BullingerDB: A Dataset for Handwritten Text Recognition and Writer Retrieval
This dataset provides a new benchmark for multilingual historical text recognition and temporally-aware writer analysis, addressing the need for large-scale, diverse historical document datasets.
BullingerDB is a large-scale benchmark dataset of 20,898 pages and 499,222 text lines from 796 writers for historical document analysis. TrOCR achieves a character error rate of 9.1% on text recognition, while writer retrieval yields a mean average precision of 78.3%, highlighting challenges from long-term stylistic variation.

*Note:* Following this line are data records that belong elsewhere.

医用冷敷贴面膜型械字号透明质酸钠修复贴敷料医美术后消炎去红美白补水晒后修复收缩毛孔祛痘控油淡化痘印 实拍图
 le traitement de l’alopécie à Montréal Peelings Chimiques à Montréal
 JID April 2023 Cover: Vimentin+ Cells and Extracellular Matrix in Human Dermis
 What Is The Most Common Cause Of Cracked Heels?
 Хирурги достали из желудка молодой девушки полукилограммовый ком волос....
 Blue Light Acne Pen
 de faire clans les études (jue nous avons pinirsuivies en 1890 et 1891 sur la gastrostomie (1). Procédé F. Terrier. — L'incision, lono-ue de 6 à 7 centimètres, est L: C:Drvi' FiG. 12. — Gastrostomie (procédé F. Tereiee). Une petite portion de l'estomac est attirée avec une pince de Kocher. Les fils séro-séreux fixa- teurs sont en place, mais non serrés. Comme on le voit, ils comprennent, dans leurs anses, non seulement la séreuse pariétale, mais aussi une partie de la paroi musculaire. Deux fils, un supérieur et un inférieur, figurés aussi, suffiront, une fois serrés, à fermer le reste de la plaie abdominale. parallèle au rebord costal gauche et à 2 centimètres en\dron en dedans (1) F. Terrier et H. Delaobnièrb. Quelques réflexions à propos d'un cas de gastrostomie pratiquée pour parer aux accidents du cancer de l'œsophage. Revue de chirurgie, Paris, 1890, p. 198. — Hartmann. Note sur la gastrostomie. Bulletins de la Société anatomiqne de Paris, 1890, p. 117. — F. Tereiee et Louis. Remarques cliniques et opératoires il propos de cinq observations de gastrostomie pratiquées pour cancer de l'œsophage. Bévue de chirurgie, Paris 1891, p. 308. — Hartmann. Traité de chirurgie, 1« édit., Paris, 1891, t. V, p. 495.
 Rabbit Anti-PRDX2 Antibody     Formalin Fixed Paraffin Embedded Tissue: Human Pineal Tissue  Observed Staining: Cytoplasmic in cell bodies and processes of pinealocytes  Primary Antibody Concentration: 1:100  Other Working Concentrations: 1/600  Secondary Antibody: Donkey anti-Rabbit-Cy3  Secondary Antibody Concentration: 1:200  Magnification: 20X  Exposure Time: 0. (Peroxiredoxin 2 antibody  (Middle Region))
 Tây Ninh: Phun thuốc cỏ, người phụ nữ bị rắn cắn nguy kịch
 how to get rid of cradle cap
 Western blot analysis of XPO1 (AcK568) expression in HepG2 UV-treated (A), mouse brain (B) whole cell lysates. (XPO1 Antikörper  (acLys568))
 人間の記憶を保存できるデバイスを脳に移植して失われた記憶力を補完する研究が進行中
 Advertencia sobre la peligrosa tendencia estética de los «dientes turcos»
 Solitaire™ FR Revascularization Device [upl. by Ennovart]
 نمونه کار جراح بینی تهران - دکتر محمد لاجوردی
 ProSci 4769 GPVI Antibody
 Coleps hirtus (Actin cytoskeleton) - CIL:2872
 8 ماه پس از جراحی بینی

We present BullingerDB, a large-scale benchmark dataset for historical document analysis based on the correspondence of Heinrich Bullinger (1504-1575). The corpus comprises 20,898 pages and 499,222 text lines written by 796 writers over six decades, featuring stylistic variation, multilingual content (mostly Latin and Early New High German) as well as meta-information such as writer identity and time. We evaluate BullingerDB on text recognition and writer retrieval. TrOCR, the best performing model, achieves a CER of 9.1%. For writer retrieval, we introduce a temporal nDCG metric to assess time-aware retrieval. While temporally coherent retrieval is achievable, mAP (78.3%) scores indicate challenges due to long-term stylistic variation. With BullingerDB, we aim to establish a new benchmark for multilingual historical text recognition and temporally-aware writer analysis.